(Supplied entries begins)

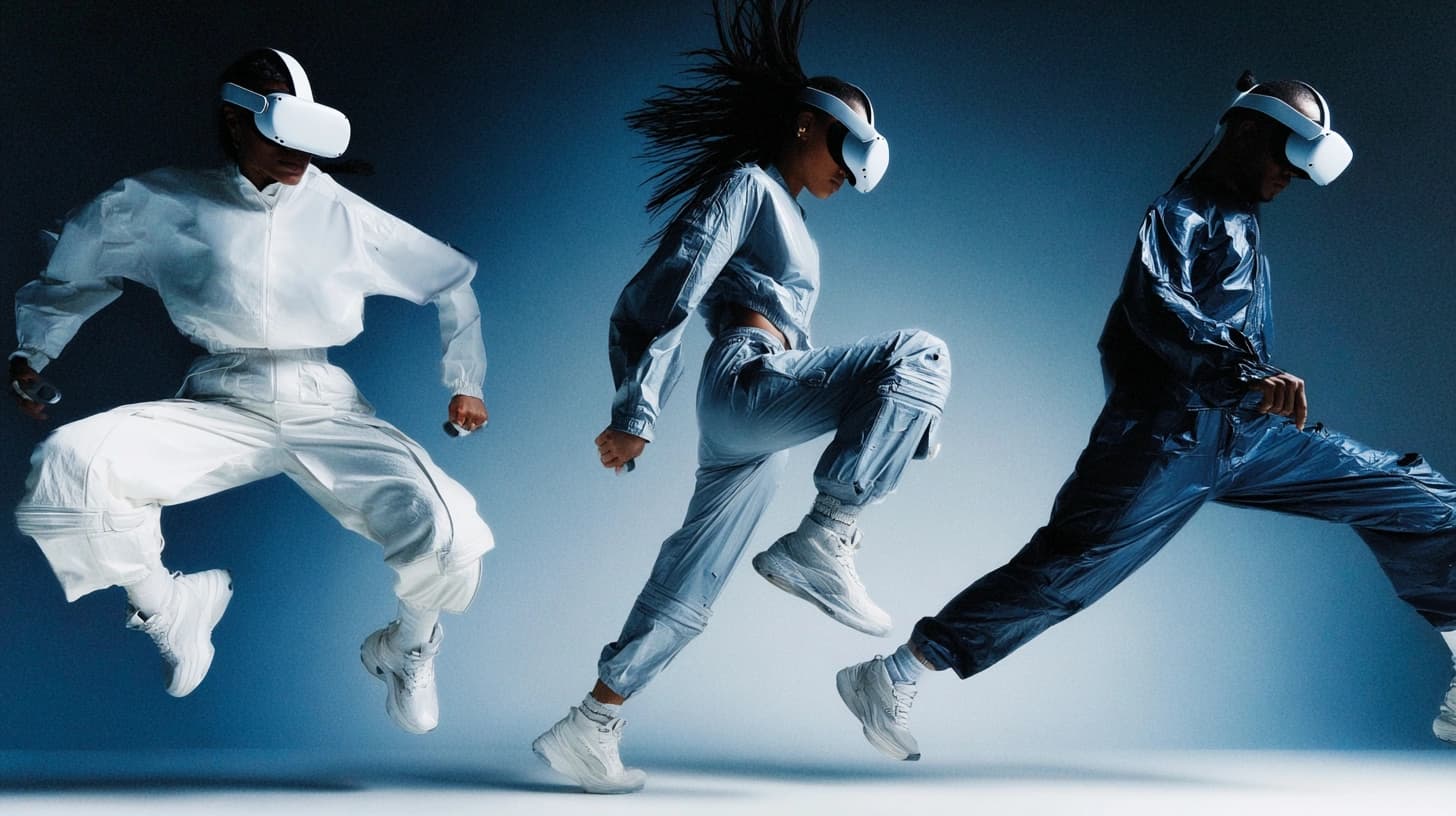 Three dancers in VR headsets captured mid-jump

(Supplied entries ends)
(Supplied entries begins)

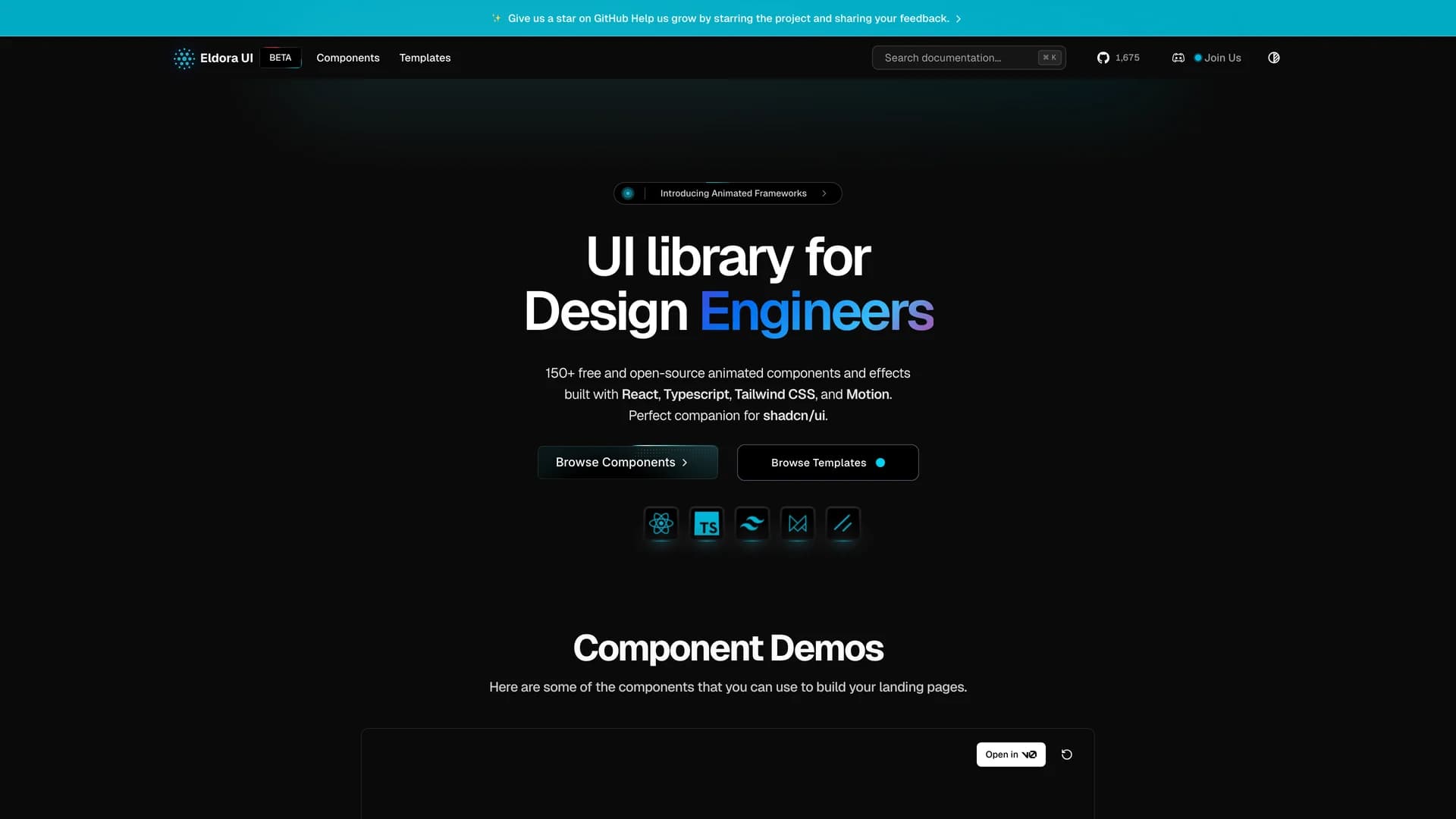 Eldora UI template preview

(Supplied entries ends)
(Supplied entries begins)

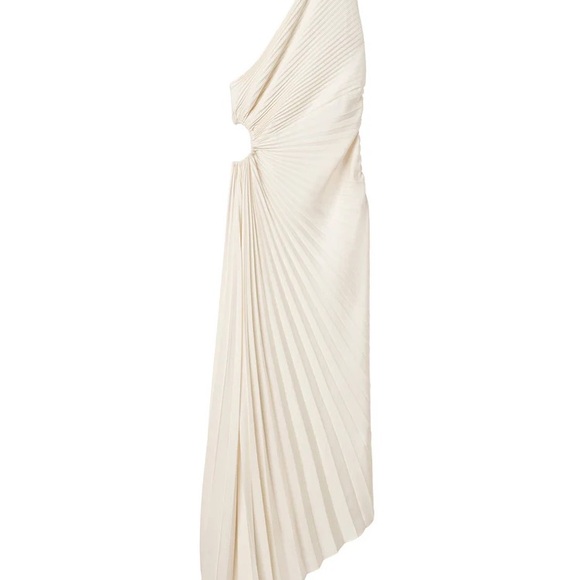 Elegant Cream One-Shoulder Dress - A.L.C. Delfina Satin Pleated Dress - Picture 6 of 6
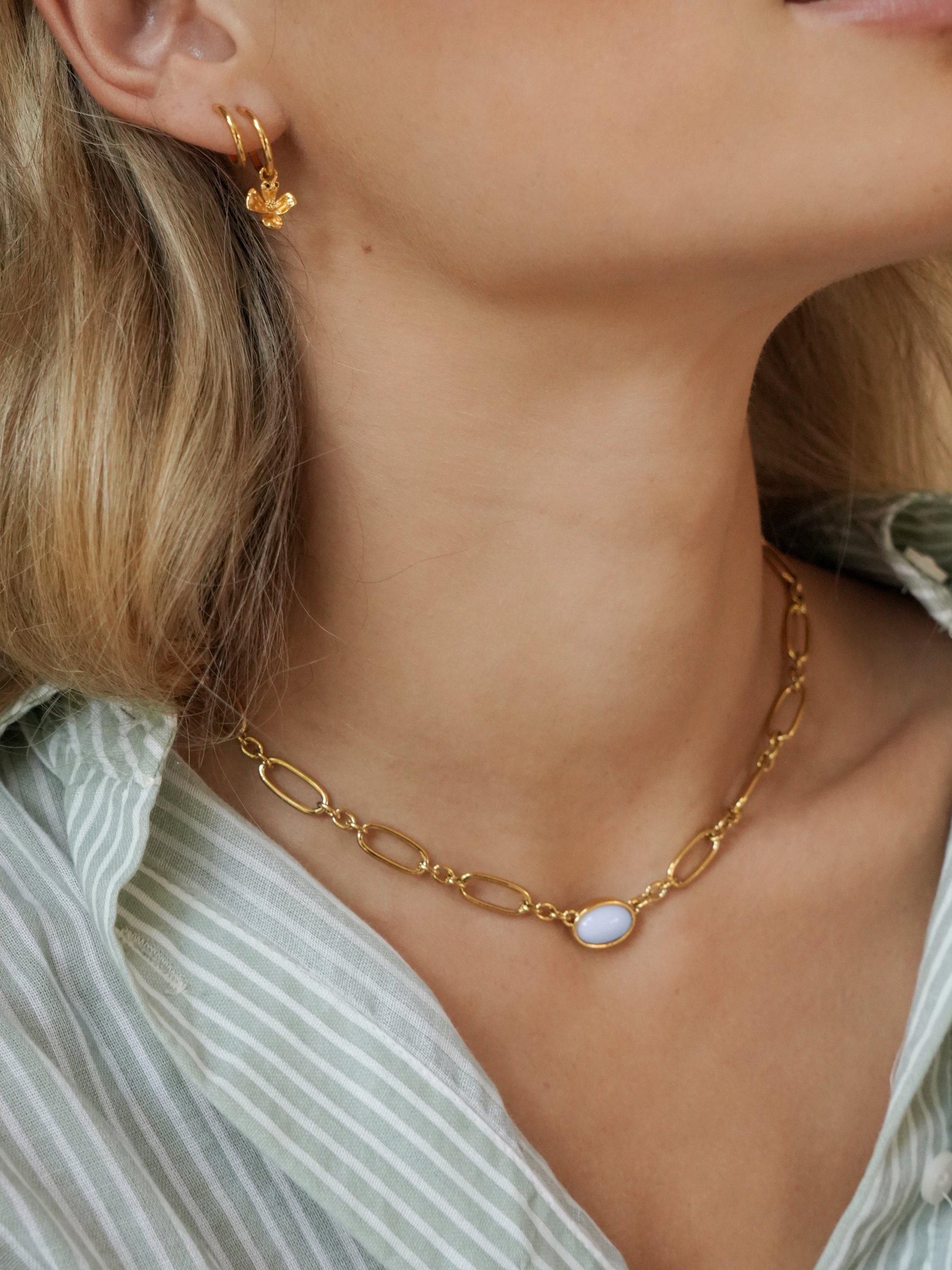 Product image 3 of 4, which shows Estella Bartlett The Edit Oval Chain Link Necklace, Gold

(Supplied entries ends)

#### [Work order]
Starting at the line containing "Elegant Cream One-Shoulder" and stopping at the line containing "Product image 3", output each line exactly as it appears above. Leave out the pictures.

#### [Reply]
 Elegant Cream One-Shoulder Dress - A.L.C. Delfina Satin Pleated Dress - Picture 6 of 6
 Product image 3 of 4, which shows Estella Bartlett The Edit Oval Chain Link Necklace, Gold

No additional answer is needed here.